Issue #6

Welcome to the sixth issue of LLVM GPU News, a bi-weekly newsletter on all the GPU things under the LLVM umbrella. This issue covers the period from February 5 to February 18 2021.

We welcome your feedback and suggestions. Let us know if we missed anything interesting, or want us to bring attention to your (sub)project, revisions under review, or proposals. Please see the bottom of the page for details on how to submit suggestions and contribute.

Industry News and Conference Talks

Vulkan, a cross-platform graphics API, is five years old now.
In another Apple M1 GPU tinkering effort, Dougall Johnson published an in-progress doc attempting to explain the M1 GPU architecture. The project repository contains various tools, including an assembler, disassembler, emulator, and a test suite.

LLVM and Clang

Discussions

David Blaikie is looking for volunteers with GPU and/or LLVM middle-end background to help review the “Abstracting over SSA form IRs to implement generic analyses” proposal.
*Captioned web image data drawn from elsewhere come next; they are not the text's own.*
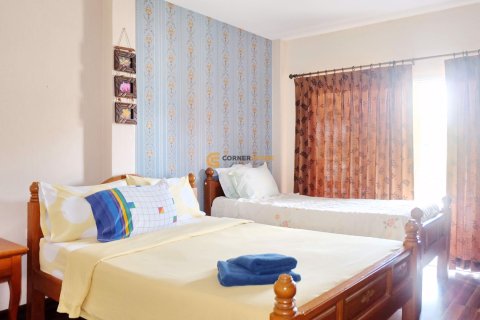 Estudio en Jomtien Beach, Pattaya, Tailandia № 134396 - foto 19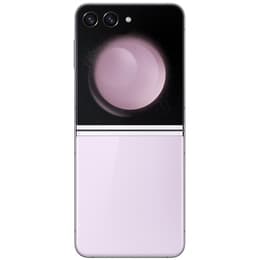 Galaxy Z Flip5 512GB - Viola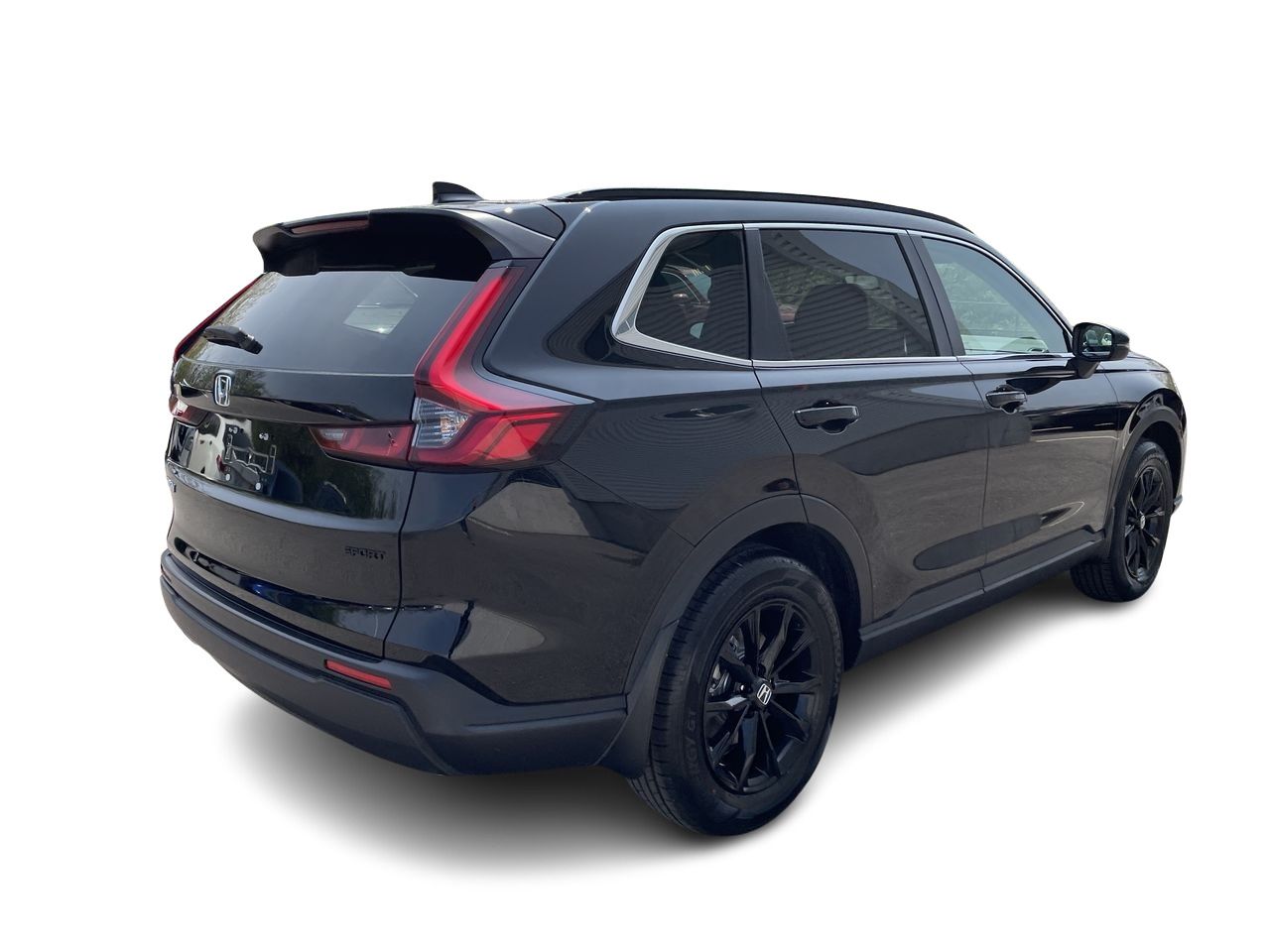 2023 Honda CR-V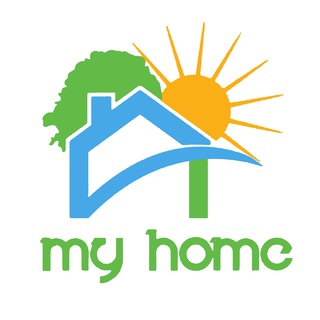 Логотип канала myhome_esf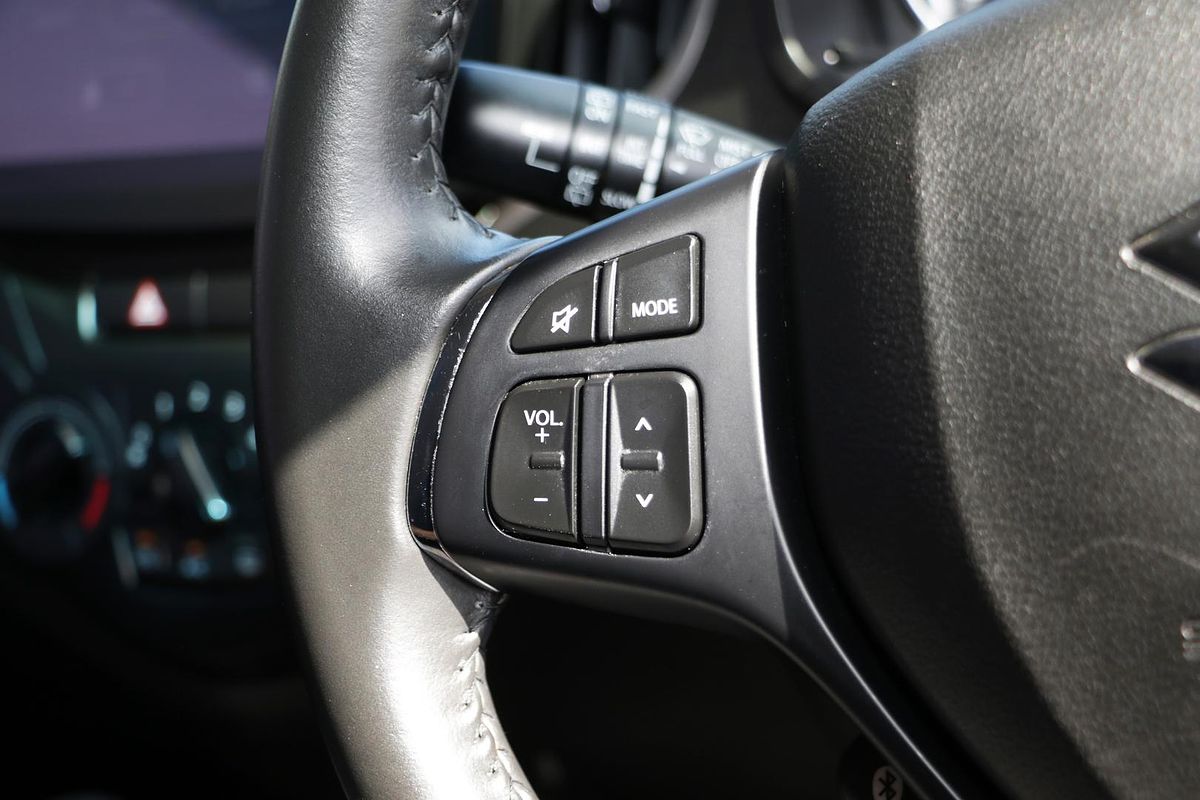 2022 Suzuki Baleno GL EW Series II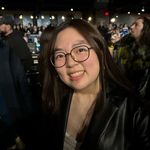 Profile Picture of eunice kim (@eunicekimm_) on Instagram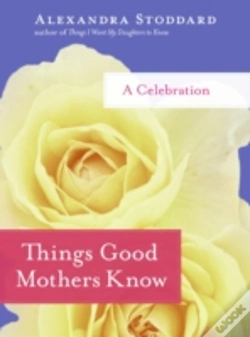 Capa do artigo Things Good Mothers Know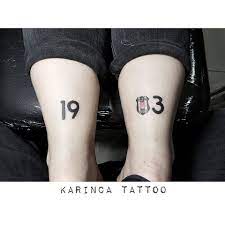 1903 http instagram com bahadircemtattoo ankletattoo smalltattoo minimaltattoo littletattoo dovme dovme karizmatik dovmeler dovme tattoo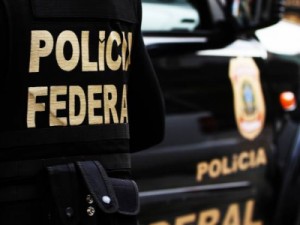 PF cumpre mandado de prisão contra chefe de fraudes do INSS no Ceará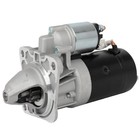 Starter Motor Fit For Land Rover For Defender For Discovery 2 5l 1989-2001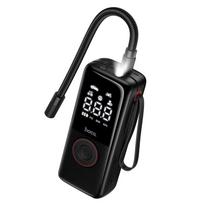 Automobilinis oro kompresorius Hoco (ZP18) (4000mAh 10.3 bar)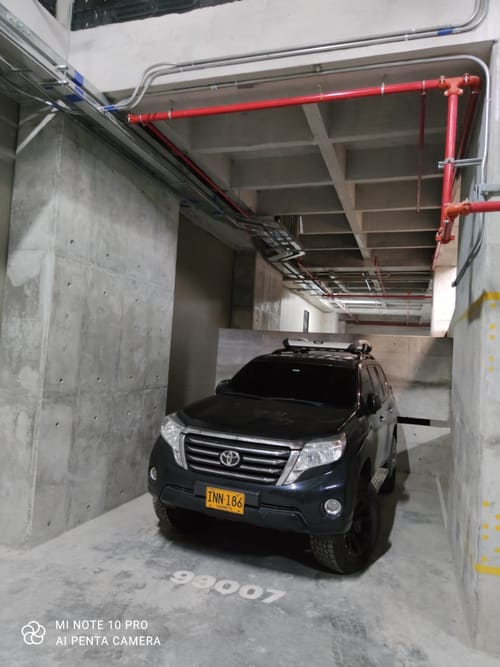 Oficina en venta en Laureles, Medellín, 37 m² · foto 7 de 13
One of the main uses of the proposed abstractions is supposed to be the Divergence Analysis.
Sameer Sahasrabuddhe continues the attempts to enable Divergence Analysis with the New Pass Manager. Alina Sbirlea pointed out that there are two feasible ways to make the SimpleLoopUnswitch pass work: either disable non-trivial unswitching for targets with divergence, or compute Diverge Analysis results within the pass.

Commits

Fixes to AMDGPU maximum memory scope for scratch, LDS, and GDS address spaces.
Support for the AMDGPU gfx90a target was posted, but may have been committed prematurely.
CUDA/HIP option for specifying compilation unit ID, -fuse-cuid.
(In-review) HIP option to enable sanitizer support for the AMDGPU target, -fgpu-sanitize. This is experimental and off by default.
(In-review) A new clspv target for libclc. clspv is an open-source OpenCL C to Vulkan SPIR-V compiler.

MLIR

Discussions

Commits

NVVM/ROCDL kernel function conversions now rely on target-specific attributes for better control.
NVVM/ROCDL to LLVM IR conversions now adopt the interface-based LLVM translation.
In SPIR-V dialect, more types and ops were defined to support graphics use cases.
More patterns were added to convert vector ops to SPIR-V ops.

OpenMP (Target Offloading)

Discussions

Konstantin Sidorov is interested in Google Summer of Code project ideas related to Machine Learning-assisted compiler optimizations. Johannes Doerfert suggested a predictor for grid/block/thread block size for OpenMP GPU kernels.

Commits

NVIDIA devices will from now on require CUDA 9.0 or higher.
We will natively support CUDA 11.1 and 11.2.
All target directives, not only target regions, will now utilize asynchronous actions if the plugin supports them (which includes the CUDA plugin).
The NVIDIA device runtime and the AMDGPU device runtime are now build as C++ with OpenMP code, not as CUDA/HIP anymore.
The CUDA plugin can be built without having CUDA installed on a system (or known to clang), this should allow us to distribute LLVM with OpenMP offload support more easily.
Various bugs have been fixed, including but not limited to:
- PR49158 fixed by allowing unused functions in declare target regions if they are not emitted,
- PR49207 fixed by avoiding stack locations in asynchronous actions.

External Compilers

LLPC

Mesa

llvmpipe, a CPU OpenGL implementation, landed support for more SPIR-V extensions, bringing it closer to full GL4.6 support.

SYCL

Khronos released the final version of the SYCL 2020 spec. SYCL 2020 is based on C++17 and contains over 40 new features, including Unified Shared Memory, built-in parallel reduction operations, atomic operations with C++ atomics semantics.